# INPUT RECORDS:
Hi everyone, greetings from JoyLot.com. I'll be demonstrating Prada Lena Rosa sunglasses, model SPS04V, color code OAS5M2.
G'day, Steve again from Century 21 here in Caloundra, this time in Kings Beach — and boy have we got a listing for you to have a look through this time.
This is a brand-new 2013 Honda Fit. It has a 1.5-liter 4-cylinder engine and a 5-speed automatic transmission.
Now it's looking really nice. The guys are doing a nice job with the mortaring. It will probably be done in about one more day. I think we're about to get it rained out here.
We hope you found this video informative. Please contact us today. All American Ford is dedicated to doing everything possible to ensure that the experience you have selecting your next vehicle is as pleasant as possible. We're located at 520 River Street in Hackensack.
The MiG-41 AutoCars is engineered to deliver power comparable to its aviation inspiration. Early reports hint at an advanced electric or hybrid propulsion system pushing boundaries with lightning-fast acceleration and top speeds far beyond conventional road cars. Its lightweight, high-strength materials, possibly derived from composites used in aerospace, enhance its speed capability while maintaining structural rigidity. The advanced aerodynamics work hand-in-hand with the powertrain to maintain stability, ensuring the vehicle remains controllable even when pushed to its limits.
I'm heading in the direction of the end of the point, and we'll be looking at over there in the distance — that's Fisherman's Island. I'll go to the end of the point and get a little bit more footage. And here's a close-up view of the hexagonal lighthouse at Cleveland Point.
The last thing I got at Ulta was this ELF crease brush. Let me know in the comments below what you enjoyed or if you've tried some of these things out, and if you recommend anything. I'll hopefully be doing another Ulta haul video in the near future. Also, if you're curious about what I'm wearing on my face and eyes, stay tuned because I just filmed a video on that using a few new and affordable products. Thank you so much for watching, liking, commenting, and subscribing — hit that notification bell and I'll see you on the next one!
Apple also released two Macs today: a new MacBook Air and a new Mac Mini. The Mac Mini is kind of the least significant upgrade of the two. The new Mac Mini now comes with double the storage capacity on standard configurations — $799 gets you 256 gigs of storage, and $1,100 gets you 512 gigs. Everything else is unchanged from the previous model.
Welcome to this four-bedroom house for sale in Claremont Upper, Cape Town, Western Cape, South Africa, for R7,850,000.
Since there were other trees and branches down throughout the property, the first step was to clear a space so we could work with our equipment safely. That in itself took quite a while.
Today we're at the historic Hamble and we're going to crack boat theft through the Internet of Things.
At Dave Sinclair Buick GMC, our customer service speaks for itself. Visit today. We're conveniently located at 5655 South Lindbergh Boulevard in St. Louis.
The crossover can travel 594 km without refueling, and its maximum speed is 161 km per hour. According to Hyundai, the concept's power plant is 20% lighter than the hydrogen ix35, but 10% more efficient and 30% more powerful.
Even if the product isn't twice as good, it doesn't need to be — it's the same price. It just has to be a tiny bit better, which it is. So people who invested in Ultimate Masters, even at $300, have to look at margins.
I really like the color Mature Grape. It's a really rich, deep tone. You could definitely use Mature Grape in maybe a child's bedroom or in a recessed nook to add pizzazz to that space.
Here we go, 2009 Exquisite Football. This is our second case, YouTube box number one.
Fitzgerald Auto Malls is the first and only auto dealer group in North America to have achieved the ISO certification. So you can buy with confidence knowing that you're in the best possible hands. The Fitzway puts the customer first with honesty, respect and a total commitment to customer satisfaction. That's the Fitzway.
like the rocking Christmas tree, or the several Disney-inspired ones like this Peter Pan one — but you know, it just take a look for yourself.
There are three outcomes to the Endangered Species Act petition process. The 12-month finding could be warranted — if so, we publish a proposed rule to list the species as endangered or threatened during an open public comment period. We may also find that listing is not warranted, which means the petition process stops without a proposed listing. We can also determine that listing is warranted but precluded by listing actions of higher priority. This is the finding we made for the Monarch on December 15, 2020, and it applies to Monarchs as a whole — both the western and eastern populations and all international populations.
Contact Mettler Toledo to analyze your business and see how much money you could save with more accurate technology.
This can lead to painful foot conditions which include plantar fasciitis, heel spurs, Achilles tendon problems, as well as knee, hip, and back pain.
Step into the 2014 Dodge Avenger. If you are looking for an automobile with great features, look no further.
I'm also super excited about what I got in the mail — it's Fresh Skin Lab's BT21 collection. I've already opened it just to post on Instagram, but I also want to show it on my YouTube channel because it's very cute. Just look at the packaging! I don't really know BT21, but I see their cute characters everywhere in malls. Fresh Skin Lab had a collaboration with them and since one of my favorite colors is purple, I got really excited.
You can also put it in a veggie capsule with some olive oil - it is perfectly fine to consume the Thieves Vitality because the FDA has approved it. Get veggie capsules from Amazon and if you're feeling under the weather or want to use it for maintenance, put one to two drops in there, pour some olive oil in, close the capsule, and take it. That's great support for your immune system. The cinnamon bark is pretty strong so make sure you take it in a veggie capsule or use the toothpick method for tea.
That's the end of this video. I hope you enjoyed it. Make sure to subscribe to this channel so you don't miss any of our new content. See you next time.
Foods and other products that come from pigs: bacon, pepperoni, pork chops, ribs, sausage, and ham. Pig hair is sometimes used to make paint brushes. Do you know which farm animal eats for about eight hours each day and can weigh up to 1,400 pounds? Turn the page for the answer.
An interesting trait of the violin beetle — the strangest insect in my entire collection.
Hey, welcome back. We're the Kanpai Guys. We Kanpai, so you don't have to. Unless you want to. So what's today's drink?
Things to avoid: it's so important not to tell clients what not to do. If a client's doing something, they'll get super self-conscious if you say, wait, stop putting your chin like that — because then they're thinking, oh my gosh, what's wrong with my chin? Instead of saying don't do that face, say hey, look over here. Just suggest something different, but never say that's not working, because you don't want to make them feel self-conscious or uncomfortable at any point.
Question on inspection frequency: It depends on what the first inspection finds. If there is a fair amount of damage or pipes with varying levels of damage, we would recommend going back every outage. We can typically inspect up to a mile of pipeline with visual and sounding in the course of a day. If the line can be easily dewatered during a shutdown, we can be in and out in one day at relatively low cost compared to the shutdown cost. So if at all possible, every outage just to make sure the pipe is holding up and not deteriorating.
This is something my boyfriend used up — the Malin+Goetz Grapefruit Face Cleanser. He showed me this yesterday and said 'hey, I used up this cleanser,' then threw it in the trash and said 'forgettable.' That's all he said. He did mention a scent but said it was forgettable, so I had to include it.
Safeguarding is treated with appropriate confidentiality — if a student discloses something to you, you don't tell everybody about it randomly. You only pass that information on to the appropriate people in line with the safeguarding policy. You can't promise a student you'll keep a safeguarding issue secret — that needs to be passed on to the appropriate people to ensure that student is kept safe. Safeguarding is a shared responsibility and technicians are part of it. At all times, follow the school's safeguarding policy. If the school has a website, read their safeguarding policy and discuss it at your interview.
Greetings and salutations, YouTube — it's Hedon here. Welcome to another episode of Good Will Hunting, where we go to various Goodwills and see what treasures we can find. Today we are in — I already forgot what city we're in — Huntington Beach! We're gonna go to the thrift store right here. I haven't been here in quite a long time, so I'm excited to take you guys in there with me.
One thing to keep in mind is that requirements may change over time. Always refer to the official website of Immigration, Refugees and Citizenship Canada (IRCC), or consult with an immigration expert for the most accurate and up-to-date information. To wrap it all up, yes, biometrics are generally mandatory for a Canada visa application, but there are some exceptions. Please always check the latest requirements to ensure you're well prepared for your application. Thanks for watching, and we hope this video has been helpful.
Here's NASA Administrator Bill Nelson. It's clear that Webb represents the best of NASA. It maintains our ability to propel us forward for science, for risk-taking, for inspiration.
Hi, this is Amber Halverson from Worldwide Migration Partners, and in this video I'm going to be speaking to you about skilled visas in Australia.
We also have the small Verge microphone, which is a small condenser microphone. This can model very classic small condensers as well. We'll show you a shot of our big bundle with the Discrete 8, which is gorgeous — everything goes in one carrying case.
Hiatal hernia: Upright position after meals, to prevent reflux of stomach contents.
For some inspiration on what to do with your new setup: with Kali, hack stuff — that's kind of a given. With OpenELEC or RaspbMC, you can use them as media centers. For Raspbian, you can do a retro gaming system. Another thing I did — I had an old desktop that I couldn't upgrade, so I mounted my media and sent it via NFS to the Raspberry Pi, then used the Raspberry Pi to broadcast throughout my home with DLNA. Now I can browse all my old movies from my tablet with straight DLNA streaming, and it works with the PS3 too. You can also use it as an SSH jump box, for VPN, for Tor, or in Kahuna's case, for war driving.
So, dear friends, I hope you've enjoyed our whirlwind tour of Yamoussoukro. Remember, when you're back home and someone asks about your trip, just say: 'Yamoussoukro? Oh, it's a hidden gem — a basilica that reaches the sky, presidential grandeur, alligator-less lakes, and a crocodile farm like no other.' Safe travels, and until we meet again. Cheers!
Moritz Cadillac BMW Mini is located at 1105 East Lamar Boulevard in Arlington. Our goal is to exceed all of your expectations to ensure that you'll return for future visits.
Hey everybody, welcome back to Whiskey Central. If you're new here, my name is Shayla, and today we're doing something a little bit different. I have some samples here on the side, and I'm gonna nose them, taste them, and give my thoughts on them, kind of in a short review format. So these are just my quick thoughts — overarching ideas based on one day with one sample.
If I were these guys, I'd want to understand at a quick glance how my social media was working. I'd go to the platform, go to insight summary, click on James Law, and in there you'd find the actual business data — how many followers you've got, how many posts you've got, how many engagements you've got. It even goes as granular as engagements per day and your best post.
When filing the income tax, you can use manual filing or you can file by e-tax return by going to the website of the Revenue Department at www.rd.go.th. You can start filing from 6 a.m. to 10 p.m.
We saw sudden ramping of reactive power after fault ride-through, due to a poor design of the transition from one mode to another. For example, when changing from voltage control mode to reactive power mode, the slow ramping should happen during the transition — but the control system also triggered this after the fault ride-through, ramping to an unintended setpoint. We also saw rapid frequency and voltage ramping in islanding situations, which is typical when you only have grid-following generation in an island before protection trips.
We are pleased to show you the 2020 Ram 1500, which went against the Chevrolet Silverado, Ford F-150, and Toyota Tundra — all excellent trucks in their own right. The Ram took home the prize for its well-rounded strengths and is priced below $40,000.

# TASK DETAILS:
Lines of the material that contain the word "South" are to be gathered.

# PROBLEM SOLUTION:
Welcome to this four-bedroom house for sale in Claremont Upper, Cape Town, Western Cape, South Africa, for R7,850,000.
At Dave Sinclair Buick GMC, our customer service speaks for itself. Visit today. We're conveniently located at 5655 South Lindbergh Boulevard in St. Louis.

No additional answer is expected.